The Kinect is said to add a more interactive gaming experience for users without the need for a remote control, and can be seen as sort of a competitor to the Nintendo Wii gaming console. To experience the interactivity that the Kinect has to offer in the realm of gaming and entertainment, it must be paired with the Xbox 360.
At the heart of the Kinect is a camera that is used to capture user movements and is also capable of facial recognition. An integrated microphone is added to give the Kinect voice recognition capabilities as well. The use of these technologies give the Kinect the ability to provide some non-traditional entertainment, and some samples of what the device will offer to its users were presented at the product's unveiling.

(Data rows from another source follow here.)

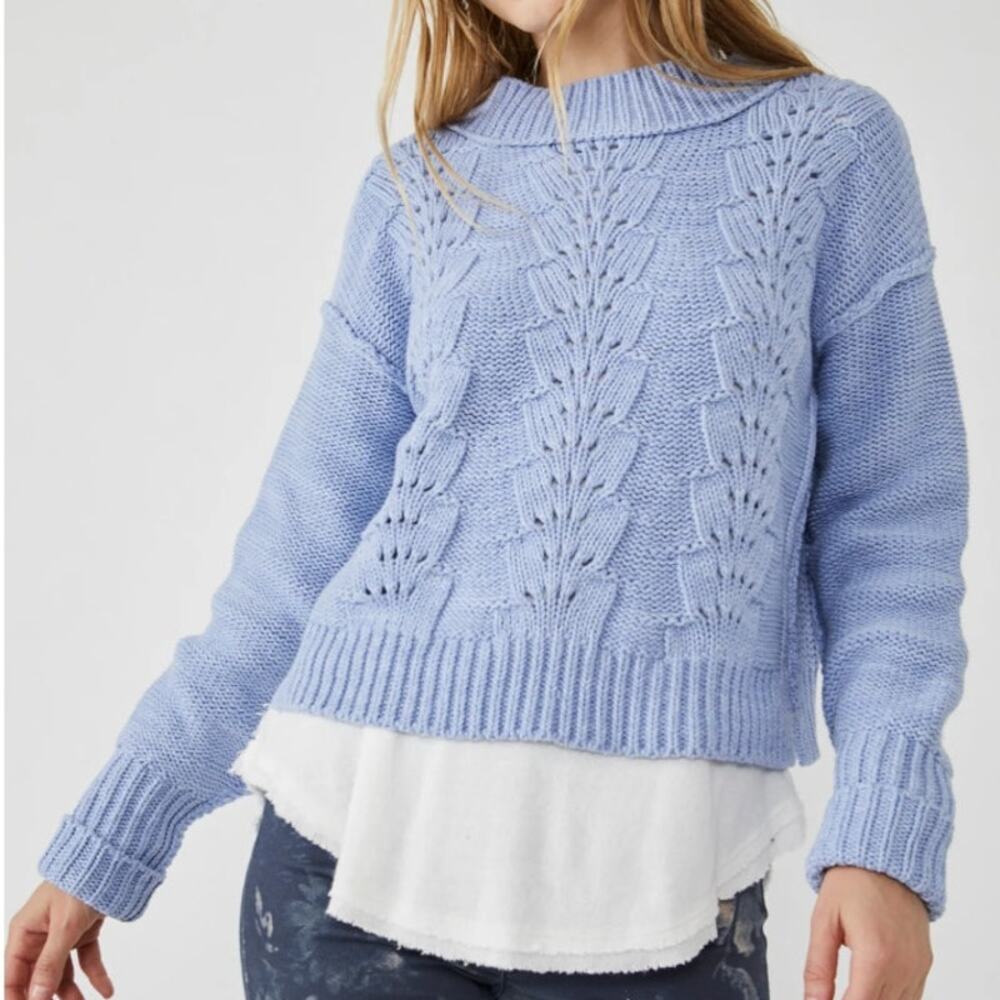 Free People Bell Song Pullover Sweater in Vintage Light Blue Small S
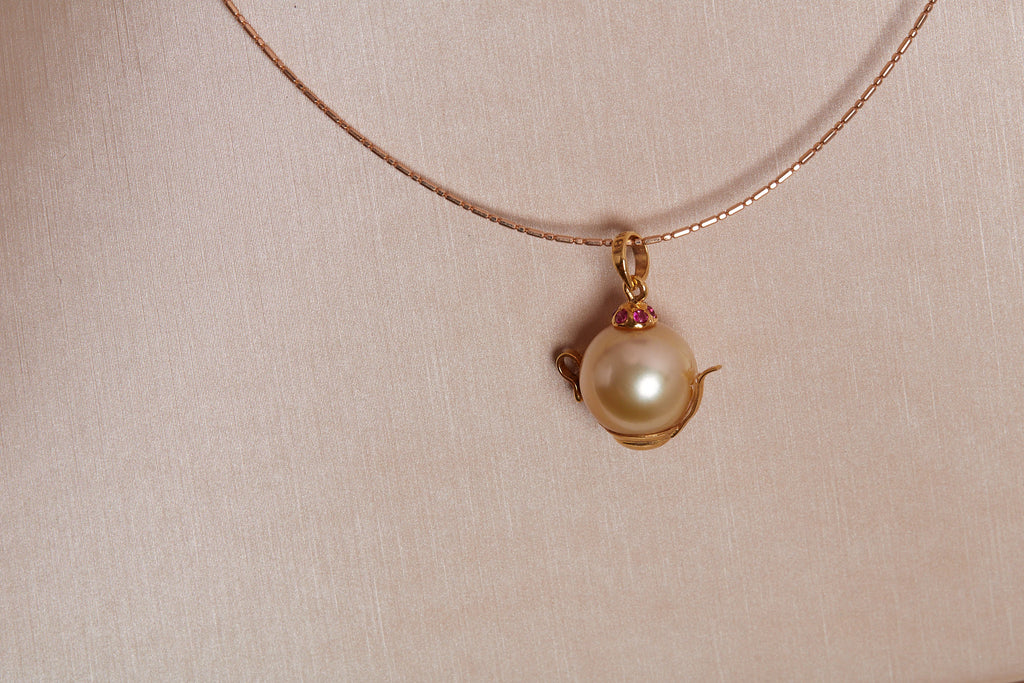 Golden South Sea Pearl & Ruby Teapot Pendant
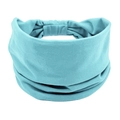 Elastic bohemian wide headband in vibrant light blue soft cotton fabric for women - Light Blue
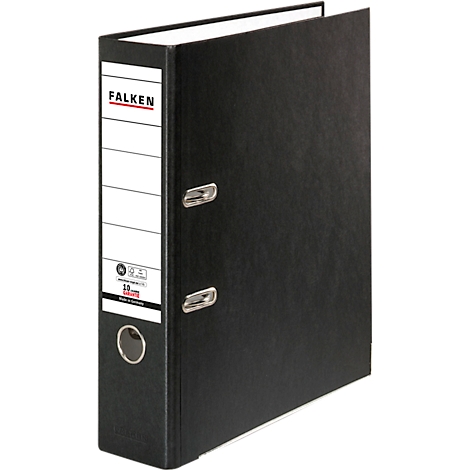 Black binder with white labels and the "FALKEN" logo.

First up, and of most interest to the majority, are the gaming features. A Star Wars game was presented where you have to dodge attackers by actually moving your body, as well as partake in hand to hand combat. Dance Central, a title offered by MTV, is one that gets its participants to perform various dance moves. Obviously, the motion-controlled technology of the Kinect is ideal for such games where body movement is key.
A yoga game was presented, which used infrared detection to accurately detect player executions of various poses and stretches. Some athletic games were shown, such as soccer, volleyball, river rafting, and more. Not only do these type of games attract those looking for fun, but immersing the player with actual movements can also help promote fitness to a degree, making the Kinect an attractive gift for some parents to give to their children.

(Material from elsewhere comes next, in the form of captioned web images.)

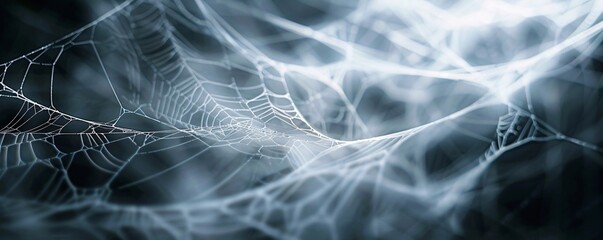 Morning dew glistens on an intricate spider web in the sunlight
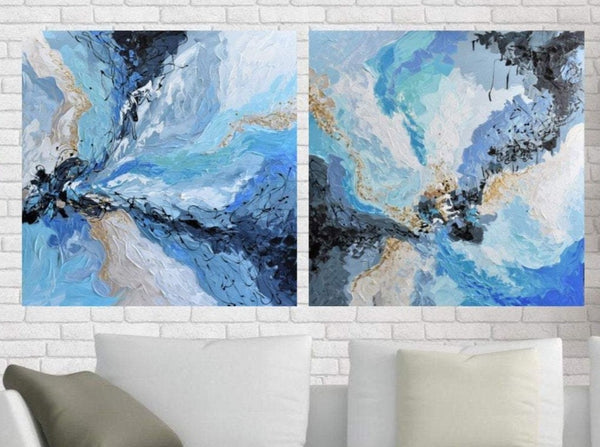 Blue & Gold Diptych, Extra Large Abstract Painting on Canvas, 36"x72"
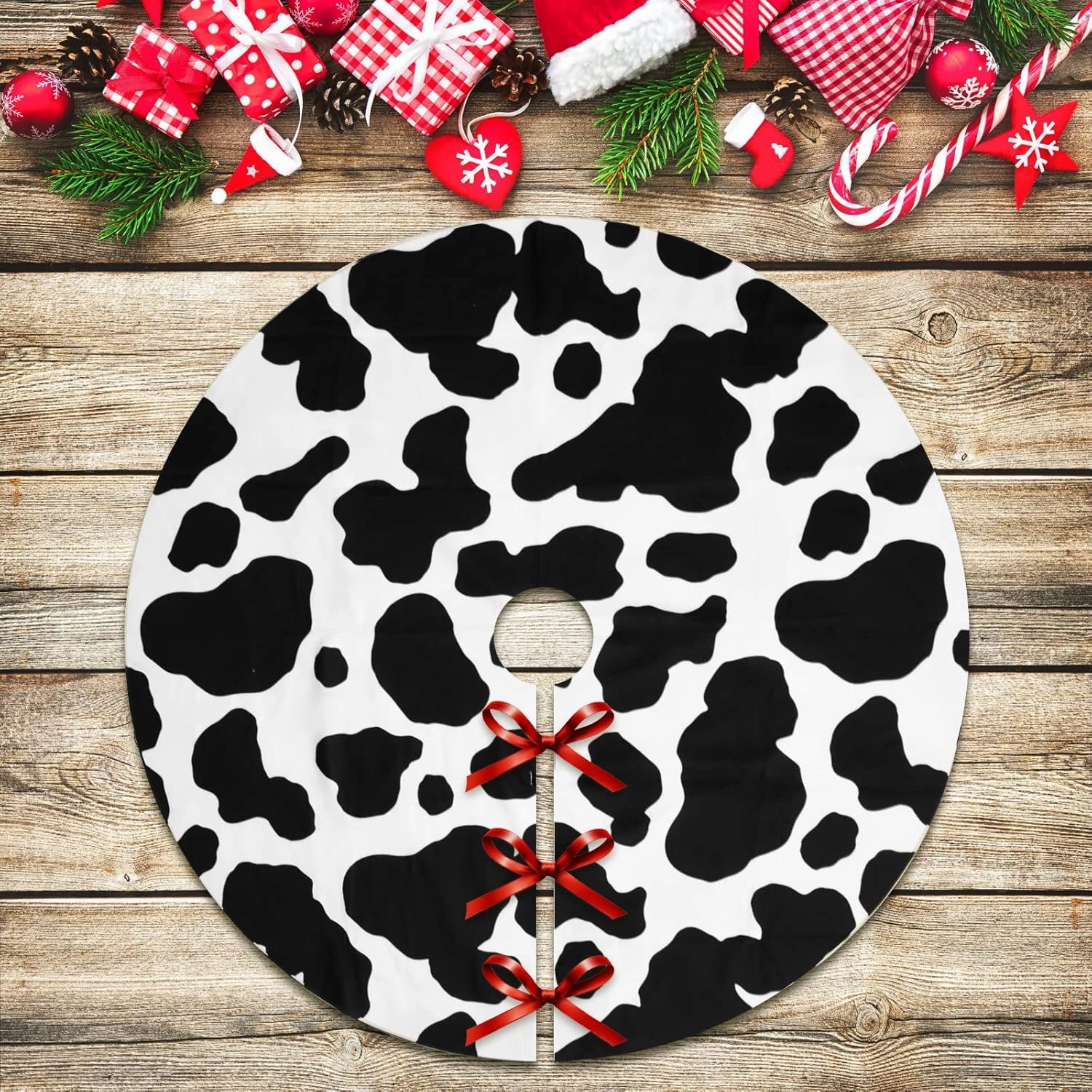 Christmas Tree Skirt, 36 Inch Cows Print Tree Skirts Decorations for Holiday Party Supplies, Nightmare Before Christmas Tree Skirt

The motion-controlled technology also presents some other advantages beyond gaming. For instance, one can cycle through the Kinect's user interface from the comfort of their couch by making simple hand gestures. Among the features one can expect to see which would require navigating the Kinect's interface are services such as Netflix, Zune, as well as popular social networking sites like Facebook and Twitter. As an added bonus, users can also expect to enjoy Video Chat, a feature of the Kinect that uses its integrated camera and microphone to allow for interaction with others via the device.
Those who want to get their hands on the Kinect will have to wait a while, as it is planned to hit shelves on November 4, right before the holiday season. As for pricing, expect the device to cost around $150, and some have it listed at approximately $300 when bundled with an Xbox 360 Arcade, and $400 when bundled with the Xbox 360 Elite. Although it remains to be seen how successful the Kinect will be versus other competitors such as the Wii, the pre-holiday release date should boost its appeal, as should the newly-announced release of the Xbox 360 Slim with its own improvements.